= Beginning of Section =

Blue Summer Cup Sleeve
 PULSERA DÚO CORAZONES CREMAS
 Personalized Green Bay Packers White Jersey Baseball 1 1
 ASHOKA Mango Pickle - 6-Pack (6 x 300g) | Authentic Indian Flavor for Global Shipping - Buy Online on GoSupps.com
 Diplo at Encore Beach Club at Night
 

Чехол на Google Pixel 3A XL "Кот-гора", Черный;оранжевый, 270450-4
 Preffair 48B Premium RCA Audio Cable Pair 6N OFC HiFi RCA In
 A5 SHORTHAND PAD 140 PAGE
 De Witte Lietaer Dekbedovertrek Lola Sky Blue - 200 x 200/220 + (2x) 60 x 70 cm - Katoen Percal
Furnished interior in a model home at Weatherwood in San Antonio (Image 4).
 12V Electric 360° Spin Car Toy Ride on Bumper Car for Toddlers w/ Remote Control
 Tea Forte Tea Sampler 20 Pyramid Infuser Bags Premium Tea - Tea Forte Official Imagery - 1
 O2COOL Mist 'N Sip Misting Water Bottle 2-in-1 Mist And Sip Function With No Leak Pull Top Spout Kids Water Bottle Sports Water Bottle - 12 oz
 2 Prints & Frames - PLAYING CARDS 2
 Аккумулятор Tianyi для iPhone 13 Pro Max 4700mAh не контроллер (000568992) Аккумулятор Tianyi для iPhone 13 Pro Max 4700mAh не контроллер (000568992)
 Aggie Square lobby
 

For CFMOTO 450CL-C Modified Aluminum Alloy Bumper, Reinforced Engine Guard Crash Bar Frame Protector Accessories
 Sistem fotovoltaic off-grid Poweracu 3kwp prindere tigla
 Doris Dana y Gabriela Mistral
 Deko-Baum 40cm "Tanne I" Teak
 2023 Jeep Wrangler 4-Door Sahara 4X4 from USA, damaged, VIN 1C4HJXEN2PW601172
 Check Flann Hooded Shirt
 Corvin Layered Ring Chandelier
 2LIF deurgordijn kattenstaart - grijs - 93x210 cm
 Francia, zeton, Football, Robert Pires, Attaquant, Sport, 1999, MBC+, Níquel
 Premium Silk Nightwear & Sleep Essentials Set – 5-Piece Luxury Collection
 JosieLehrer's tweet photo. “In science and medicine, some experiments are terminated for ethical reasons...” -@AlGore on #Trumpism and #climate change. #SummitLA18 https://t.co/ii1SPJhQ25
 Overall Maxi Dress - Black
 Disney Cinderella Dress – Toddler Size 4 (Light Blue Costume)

= End of Section =

**The task**
Line by line, set down the material exactly as given.

**Written answer**
Blue Summer Cup Sleeve
 PULSERA DÚO CORAZONES CREMAS
 Personalized Green Bay Packers White Jersey Baseball 1 1
 ASHOKA Mango Pickle - 6-Pack (6 x 300g) | Authentic Indian Flavor for Global Shipping - Buy Online on GoSupps.com
 Diplo at Encore Beach Club at Night
 

Чехол на Google Pixel 3A XL "Кот-гора", Черный;оранжевый, 270450-4
 Preffair 48B Premium RCA Audio Cable Pair 6N OFC HiFi RCA In
 A5 SHORTHAND PAD 140 PAGE
 De Witte Lietaer Dekbedovertrek Lola Sky Blue - 200 x 200/220 + (2x) 60 x 70 cm - Katoen Percal
Furnished interior in a model home at Weatherwood in San Antonio (Image 4).
 12V Electric 360° Spin Car Toy Ride on Bumper Car for Toddlers w/ Remote Control
 Tea Forte Tea Sampler 20 Pyramid Infuser Bags Premium Tea - Tea Forte Official Imagery - 1
 O2COOL Mist 'N Sip Misting Water Bottle 2-in-1 Mist And Sip Function With No Leak Pull Top Spout Kids Water Bottle Sports Water Bottle - 12 oz
 2 Prints & Frames - PLAYING CARDS 2
 Аккумулятор Tianyi для iPhone 13 Pro Max 4700mAh не контроллер (000568992) Аккумулятор Tianyi для iPhone 13 Pro Max 4700mAh не контроллер (000568992)
 Aggie Square lobby
 

For CFMOTO 450CL-C Modified Aluminum Alloy Bumper, Reinforced Engine Guard Crash Bar Frame Protector Accessories
 Sistem fotovoltaic off-grid Poweracu 3kwp prindere tigla
 Doris Dana y Gabriela Mistral
 Deko-Baum 40cm "Tanne I" Teak
 2023 Jeep Wrangler 4-Door Sahara 4X4 from USA, damaged, VIN 1C4HJXEN2PW601172
 Check Flann Hooded Shirt
 Corvin Layered Ring Chandelier
 2LIF deurgordijn kattenstaart - grijs - 93x210 cm
 Francia, zeton, Football, Robert Pires, Attaquant, Sport, 1999, MBC+, Níquel
 Premium Silk Nightwear & Sleep Essentials Set – 5-Piece Luxury Collection
 JosieLehrer's tweet photo. “In science and medicine, some experiments are terminated for ethical reasons...” -@AlGore on #Trumpism and #climate change. #SummitLA18 https://t.co/ii1SPJhQ25
 Overall Maxi Dress - Black
 Disney Cinderella Dress – Toddler Size 4 (Light Blue Costume)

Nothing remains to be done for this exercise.